• [WORK INSTRUCTIONS]: Once you reach the line containing "Niteworks Hand Example" in the entries below, write out that line and each one after it down to the line containing "There Are Too", exactly and with nothing added.

··· EXTRACTED INFORMATION ···

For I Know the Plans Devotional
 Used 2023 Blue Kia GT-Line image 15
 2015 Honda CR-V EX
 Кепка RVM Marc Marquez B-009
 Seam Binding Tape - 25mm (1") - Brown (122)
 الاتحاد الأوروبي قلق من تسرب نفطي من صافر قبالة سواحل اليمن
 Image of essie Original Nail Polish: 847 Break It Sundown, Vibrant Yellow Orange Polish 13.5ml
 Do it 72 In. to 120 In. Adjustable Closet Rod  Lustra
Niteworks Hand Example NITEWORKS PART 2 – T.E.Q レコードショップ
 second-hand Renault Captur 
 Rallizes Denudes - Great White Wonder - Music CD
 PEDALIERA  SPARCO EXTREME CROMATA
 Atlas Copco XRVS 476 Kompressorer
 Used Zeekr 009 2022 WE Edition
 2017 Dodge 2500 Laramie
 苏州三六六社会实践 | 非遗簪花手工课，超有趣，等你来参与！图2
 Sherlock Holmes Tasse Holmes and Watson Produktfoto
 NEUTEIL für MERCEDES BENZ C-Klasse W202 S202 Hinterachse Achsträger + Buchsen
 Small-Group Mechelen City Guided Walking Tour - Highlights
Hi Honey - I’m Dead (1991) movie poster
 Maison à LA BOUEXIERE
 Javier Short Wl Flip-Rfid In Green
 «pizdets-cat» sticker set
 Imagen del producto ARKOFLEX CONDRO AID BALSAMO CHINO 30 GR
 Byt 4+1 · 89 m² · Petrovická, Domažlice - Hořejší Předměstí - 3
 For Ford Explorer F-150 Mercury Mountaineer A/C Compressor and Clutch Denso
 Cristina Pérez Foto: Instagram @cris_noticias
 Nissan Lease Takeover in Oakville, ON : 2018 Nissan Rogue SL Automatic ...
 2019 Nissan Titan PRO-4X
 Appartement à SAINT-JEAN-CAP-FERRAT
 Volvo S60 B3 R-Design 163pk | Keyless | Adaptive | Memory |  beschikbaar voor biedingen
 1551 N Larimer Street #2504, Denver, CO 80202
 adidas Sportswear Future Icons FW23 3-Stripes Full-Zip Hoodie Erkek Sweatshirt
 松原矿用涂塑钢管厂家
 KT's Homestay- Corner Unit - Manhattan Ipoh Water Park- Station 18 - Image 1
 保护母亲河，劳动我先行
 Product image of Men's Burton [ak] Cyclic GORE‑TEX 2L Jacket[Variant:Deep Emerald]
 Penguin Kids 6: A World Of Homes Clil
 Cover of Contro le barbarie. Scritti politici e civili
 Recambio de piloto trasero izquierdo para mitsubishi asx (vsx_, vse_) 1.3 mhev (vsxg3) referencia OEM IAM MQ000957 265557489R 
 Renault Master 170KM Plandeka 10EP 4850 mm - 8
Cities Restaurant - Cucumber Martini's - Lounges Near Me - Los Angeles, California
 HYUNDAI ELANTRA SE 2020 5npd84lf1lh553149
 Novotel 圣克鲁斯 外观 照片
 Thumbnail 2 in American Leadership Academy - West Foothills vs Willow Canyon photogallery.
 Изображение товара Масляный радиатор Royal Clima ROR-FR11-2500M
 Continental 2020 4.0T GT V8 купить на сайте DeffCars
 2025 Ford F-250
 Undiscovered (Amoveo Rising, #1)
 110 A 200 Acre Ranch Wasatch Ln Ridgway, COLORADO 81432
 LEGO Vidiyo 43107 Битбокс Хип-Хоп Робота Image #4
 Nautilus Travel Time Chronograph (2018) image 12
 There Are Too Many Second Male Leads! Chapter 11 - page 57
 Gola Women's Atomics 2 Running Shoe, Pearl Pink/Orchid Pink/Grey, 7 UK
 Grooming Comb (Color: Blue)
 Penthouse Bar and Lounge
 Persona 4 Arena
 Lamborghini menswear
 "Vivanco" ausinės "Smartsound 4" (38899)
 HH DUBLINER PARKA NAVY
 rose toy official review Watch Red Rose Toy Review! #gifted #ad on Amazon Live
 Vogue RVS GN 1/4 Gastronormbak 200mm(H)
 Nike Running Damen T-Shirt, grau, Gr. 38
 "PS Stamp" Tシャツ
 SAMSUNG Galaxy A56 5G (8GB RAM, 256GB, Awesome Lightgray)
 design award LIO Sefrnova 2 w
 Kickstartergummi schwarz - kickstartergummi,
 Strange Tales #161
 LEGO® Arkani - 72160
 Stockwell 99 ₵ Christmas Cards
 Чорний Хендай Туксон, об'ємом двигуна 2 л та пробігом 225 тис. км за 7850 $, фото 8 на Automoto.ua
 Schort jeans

···

• [RESPONSE BELOW]:
Niteworks Hand Example NITEWORKS PART 2 – T.E.Q レコードショップ
 second-hand Renault Captur 
 Rallizes Denudes - Great White Wonder - Music CD
 PEDALIERA  SPARCO EXTREME CROMATA
 Atlas Copco XRVS 476 Kompressorer
 Used Zeekr 009 2022 WE Edition
 2017 Dodge 2500 Laramie
 苏州三六六社会实践 | 非遗簪花手工课，超有趣，等你来参与！图2
 Sherlock Holmes Tasse Holmes and Watson Produktfoto
 NEUTEIL für MERCEDES BENZ C-Klasse W202 S202 Hinterachse Achsträger + Buchsen
 Small-Group Mechelen City Guided Walking Tour - Highlights
Hi Honey - I’m Dead (1991) movie poster
 Maison à LA BOUEXIERE
 Javier Short Wl Flip-Rfid In Green
 «pizdets-cat» sticker set
 Imagen del producto ARKOFLEX CONDRO AID BALSAMO CHINO 30 GR
 Byt 4+1 · 89 m² · Petrovická, Domažlice - Hořejší Předměstí - 3
 For Ford Explorer F-150 Mercury Mountaineer A/C Compressor and Clutch Denso
 Cristina Pérez Foto: Instagram @cris_noticias
 Nissan Lease Takeover in Oakville, ON : 2018 Nissan Rogue SL Automatic ...
 2019 Nissan Titan PRO-4X
 Appartement à SAINT-JEAN-CAP-FERRAT
 Volvo S60 B3 R-Design 163pk | Keyless | Adaptive | Memory |  beschikbaar voor biedingen
 1551 N Larimer Street #2504, Denver, CO 80202
 adidas Sportswear Future Icons FW23 3-Stripes Full-Zip Hoodie Erkek Sweatshirt
 松原矿用涂塑钢管厂家
 KT's Homestay- Corner Unit - Manhattan Ipoh Water Park- Station 18 - Image 1
 保护母亲河，劳动我先行
 Product image of Men's Burton [ak] Cyclic GORE‑TEX 2L Jacket[Variant:Deep Emerald]
 Penguin Kids 6: A World Of Homes Clil
 Cover of Contro le barbarie. Scritti politici e civili
 Recambio de piloto trasero izquierdo para mitsubishi asx (vsx_, vse_) 1.3 mhev (vsxg3) referencia OEM IAM MQ000957 265557489R 
 Renault Master 170KM Plandeka 10EP 4850 mm - 8
Cities Restaurant - Cucumber Martini's - Lounges Near Me - Los Angeles, California
 HYUNDAI ELANTRA SE 2020 5npd84lf1lh553149
 Novotel 圣克鲁斯 外观 照片
 Thumbnail 2 in American Leadership Academy - West Foothills vs Willow Canyon photogallery.
 Изображение товара Масляный радиатор Royal Clima ROR-FR11-2500M
 Continental 2020 4.0T GT V8 купить на сайте DeffCars
 2025 Ford F-250
 Undiscovered (Amoveo Rising, #1)
 110 A 200 Acre Ranch Wasatch Ln Ridgway, COLORADO 81432
 LEGO Vidiyo 43107 Битбокс Хип-Хоп Робота Image #4
 Nautilus Travel Time Chronograph (2018) image 12
 There Are Too Many Second Male Leads! Chapter 11 - page 57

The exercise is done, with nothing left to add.